I never thought I’d miss a landscape this much. It’s been 4 months since, yet the clouds, peaks and faraway glaciers still capture my imagination. We set out early from Queenstown for the four hour drive. We’d heard all sorts about it – the danger, the scenery – they’re all true. But what we could not prepare for was the magnificence. The photos do the drive – surely one of the best in the world – no justice at all. It’s difficult to portray scale in such gigantic and dramatic proportions. (For example, the tiny boat in the last photo is a two storey ferry…)
The drive after Te Anau is epic where the road whips between shallow, pebbly rivers and dense state forest. The golden Eglinton Valley stretches before us and for the first time we see our destination of purple hazed mountains, like a painting come to life. The road slowly ascends into the steep Hollyford Valley. Cloud cover hides most of the peaks but below we can hear a whisper of the raging Hollyford River. It’s an awesome sight, preparing us for the bleak contrast of the Homer Tunnel. Within a rising claw of grey rock, overhanging ice and waterfalls, the tunnel punches through the Darran mountains, exiting at the one of the best views I am convinced I will ever see in my life – the Cleddeau Valley. Wisps of clouds linger by the sheer cliff faces, coalescing into a ceiling of cotton candy. The air feels wet; the valley walls weep rivulets, the product of the previous night’s rainfall.
The drive from Queenstown is a long one so we chose to stay overnight on the sound. The Sound is spectacular with snow dusted mountains of over a thousand metres (they look small in the photos!) diving into the dark water.

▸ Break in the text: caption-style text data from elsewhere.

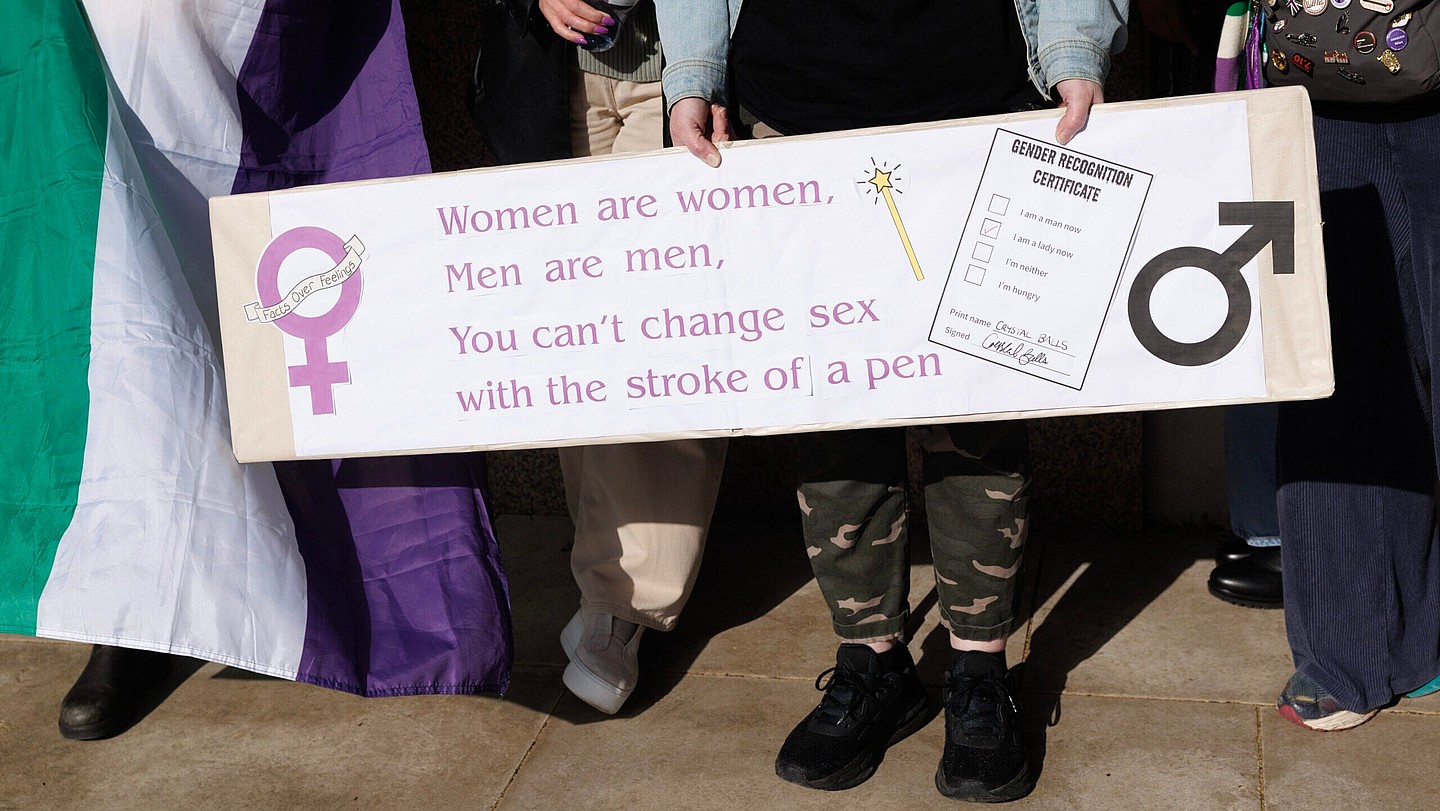 UK Supreme Court trans women, UK transgender women, UK supreme court definition of women, Trump transgender women sports, Trump Maine lawsuit, DOJ Maine lawsuit, DOJ transgender women lawsuit theGrio.com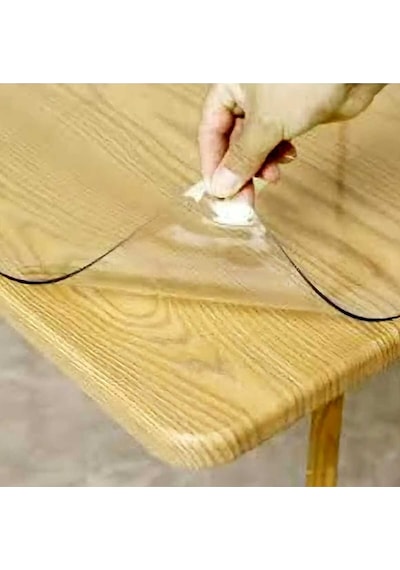2 Mm Kalınlık 70 Cm En Şeffaf Kalın Pvc Masa Koruyucu Mika Masa Örtüsü 70 X 100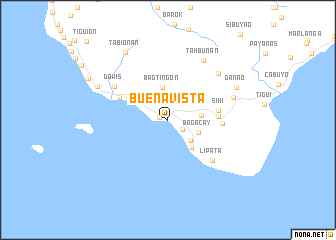 map of Buenavista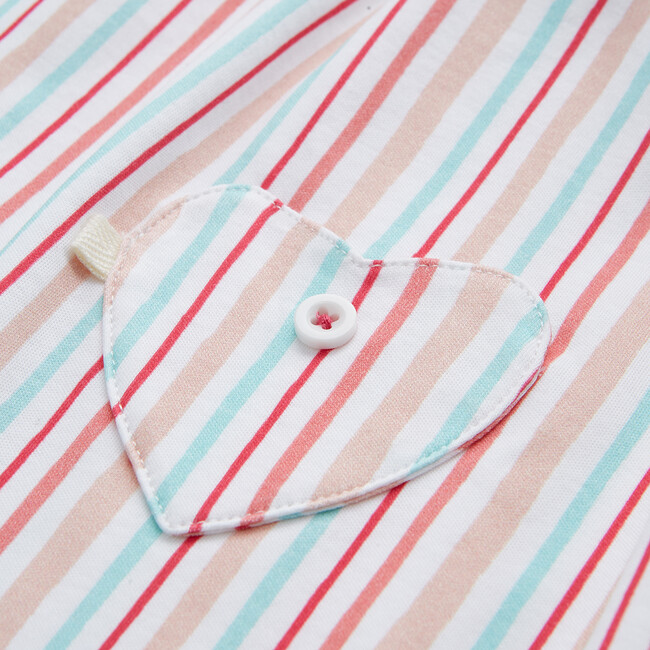 The Stripe Dress, Pink - Dresses - 3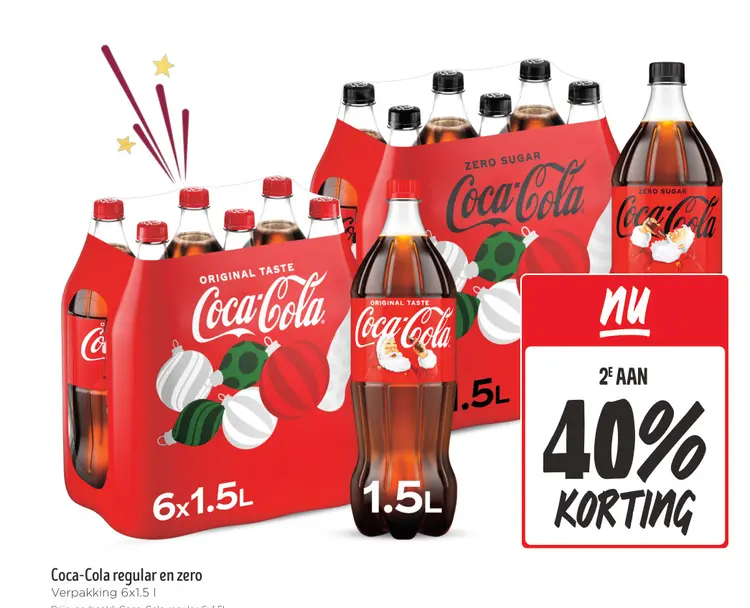 Promotie: Coca-Cola regular en zero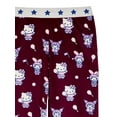 thumbnail image 3 of Wonder Nation x Hello Kitty Girls Long Sleeve Top and Sleep Pant Pajama Set, 2-Piece, Sizes 4-18, 3 of 3
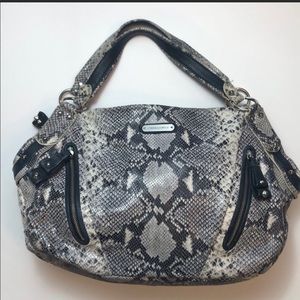 Cynthia Rowely snake skin purse
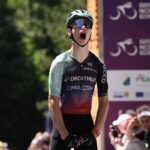 Обен Спарфель на финише седьмого этапа Giro Next Gen 2026 года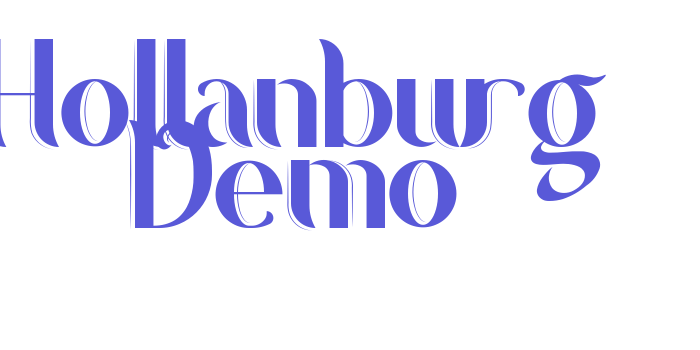 Hollanburg Demo Font Download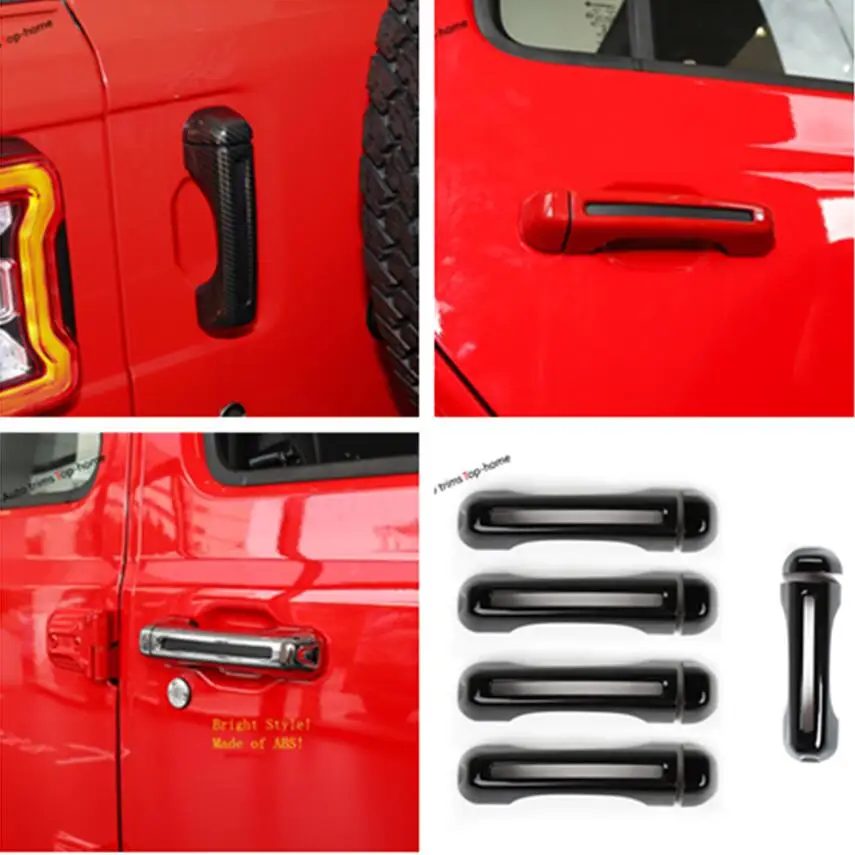 

Yimaautotrims Door Handle & Rear Tailgate Door Pull Cover Trim ABS For Jeep Wrangler JL 4 Door 2018 - 2022 Exterior Mouldings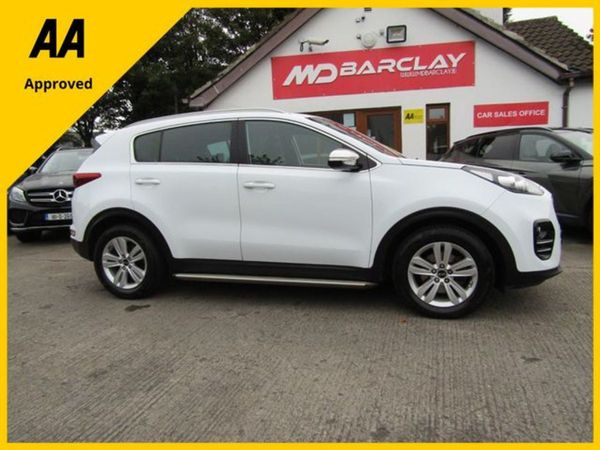 Kia Sportage MPV, Diesel, 2017, White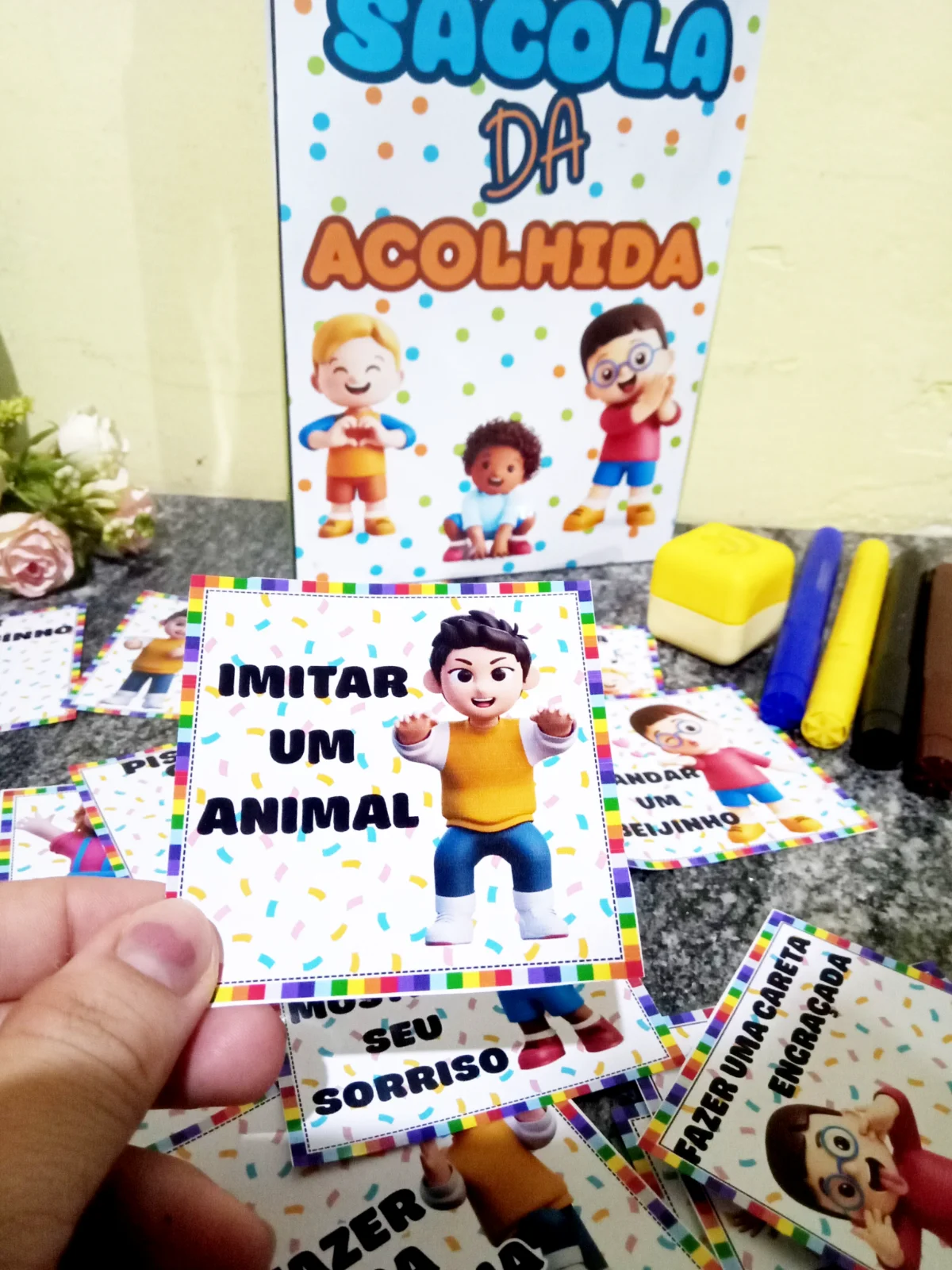 Sacola da Acolhida - Primeiro Dia de Aula — amostra 1: Sacol A Sacola da Acolhida é um recurso pedagógico lúdico e afetivo,…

The Milford Mariner docks overnight in a bay shadowed by the Pembroke glacier and we watch the sun set over the sound. The way light plays here is unusual, you can literally see the sun retreat, replaced by dark shadows heralding the night.
Real Journey’s Milford Mariner
There are many day trips to Milford Sound but to make the most of the drive, I recommend doing the overnight cruise. (Simply put, you’ll want to do the opposite of the tour buses that reach a peak at around midday.) Watching the sunrise and sunset with no other boats on the water is a breathtaking experience. The boat is comfy – like all boats the cabins are small – but most of the time is spent on deck. Two activity options, a tender craft or kayaking means it’s a busy day until after dinner.